→ **Work order**
Scan the listing below for "Diamond", then report every line that has it.
--- --- ---
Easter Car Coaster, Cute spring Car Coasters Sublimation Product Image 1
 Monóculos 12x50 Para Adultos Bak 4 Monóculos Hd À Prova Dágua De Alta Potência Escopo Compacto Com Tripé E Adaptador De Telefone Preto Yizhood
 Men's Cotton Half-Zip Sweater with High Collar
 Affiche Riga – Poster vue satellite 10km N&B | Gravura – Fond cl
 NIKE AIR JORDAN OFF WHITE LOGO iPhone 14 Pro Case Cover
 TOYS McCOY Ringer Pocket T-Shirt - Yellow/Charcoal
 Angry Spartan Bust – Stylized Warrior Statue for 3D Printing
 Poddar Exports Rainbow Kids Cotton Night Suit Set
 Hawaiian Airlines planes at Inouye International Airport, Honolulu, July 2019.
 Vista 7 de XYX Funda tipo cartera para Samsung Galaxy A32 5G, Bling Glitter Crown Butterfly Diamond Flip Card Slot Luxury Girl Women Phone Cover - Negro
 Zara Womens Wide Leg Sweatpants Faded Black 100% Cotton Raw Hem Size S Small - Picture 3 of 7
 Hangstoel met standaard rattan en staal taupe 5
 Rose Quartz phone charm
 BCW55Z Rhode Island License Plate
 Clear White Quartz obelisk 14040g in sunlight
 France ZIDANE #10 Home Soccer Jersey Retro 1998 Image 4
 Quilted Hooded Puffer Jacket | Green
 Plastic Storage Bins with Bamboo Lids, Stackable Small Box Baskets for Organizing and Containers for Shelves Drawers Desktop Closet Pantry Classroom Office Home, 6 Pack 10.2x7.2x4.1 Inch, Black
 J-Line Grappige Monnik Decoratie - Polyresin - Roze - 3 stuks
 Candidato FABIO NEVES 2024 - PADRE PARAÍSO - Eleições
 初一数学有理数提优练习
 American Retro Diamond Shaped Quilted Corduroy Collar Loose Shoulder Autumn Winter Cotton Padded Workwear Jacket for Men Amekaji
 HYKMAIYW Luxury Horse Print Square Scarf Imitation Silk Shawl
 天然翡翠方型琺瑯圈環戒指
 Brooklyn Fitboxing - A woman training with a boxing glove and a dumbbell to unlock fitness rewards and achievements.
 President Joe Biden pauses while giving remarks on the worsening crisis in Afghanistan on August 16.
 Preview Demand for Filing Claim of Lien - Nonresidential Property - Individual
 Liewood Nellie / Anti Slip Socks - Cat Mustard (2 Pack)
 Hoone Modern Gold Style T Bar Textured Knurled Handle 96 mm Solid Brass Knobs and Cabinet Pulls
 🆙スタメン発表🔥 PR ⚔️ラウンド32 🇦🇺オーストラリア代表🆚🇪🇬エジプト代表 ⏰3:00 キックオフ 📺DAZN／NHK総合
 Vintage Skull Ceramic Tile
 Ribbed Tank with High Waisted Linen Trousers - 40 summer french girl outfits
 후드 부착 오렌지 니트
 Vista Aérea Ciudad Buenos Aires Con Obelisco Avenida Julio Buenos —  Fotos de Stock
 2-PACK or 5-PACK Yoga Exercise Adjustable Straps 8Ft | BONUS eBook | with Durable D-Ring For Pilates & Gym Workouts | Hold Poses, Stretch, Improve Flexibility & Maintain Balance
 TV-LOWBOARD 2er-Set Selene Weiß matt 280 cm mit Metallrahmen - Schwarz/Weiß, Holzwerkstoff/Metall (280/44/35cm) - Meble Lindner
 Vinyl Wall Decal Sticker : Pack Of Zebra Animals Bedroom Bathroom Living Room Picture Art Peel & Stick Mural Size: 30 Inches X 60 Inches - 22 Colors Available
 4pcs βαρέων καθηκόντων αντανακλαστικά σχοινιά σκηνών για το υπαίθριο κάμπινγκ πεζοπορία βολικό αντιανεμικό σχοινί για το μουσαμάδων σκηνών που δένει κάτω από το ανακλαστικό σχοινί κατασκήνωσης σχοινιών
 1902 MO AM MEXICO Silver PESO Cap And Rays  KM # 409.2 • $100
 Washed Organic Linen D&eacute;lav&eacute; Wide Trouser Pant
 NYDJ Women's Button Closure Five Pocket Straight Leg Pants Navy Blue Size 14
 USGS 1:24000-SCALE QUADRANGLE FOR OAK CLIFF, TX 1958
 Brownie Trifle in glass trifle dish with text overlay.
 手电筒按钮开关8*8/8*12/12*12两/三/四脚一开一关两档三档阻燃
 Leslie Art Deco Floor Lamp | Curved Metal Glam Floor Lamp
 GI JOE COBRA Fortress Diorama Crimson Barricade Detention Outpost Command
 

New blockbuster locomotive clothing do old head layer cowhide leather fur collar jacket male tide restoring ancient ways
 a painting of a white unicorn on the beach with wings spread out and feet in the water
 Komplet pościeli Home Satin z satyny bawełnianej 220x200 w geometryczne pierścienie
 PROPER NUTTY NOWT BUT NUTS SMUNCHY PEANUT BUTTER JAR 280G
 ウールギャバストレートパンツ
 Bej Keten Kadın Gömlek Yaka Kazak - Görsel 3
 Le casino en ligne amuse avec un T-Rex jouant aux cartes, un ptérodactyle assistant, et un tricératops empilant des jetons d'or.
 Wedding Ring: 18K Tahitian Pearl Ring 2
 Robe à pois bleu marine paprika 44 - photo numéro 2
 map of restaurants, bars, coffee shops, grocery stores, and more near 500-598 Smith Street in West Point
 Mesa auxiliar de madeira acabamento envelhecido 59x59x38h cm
--- --- ---
→ **Response area**
 Vista 7 de XYX Funda tipo cartera para Samsung Galaxy A32 5G, Bling Glitter Crown Butterfly Diamond Flip Card Slot Luxury Girl Women Phone Cover - Negro
 American Retro Diamond Shaped Quilted Corduroy Collar Loose Shoulder Autumn Winter Cotton Padded Workwear Jacket for Men Amekaji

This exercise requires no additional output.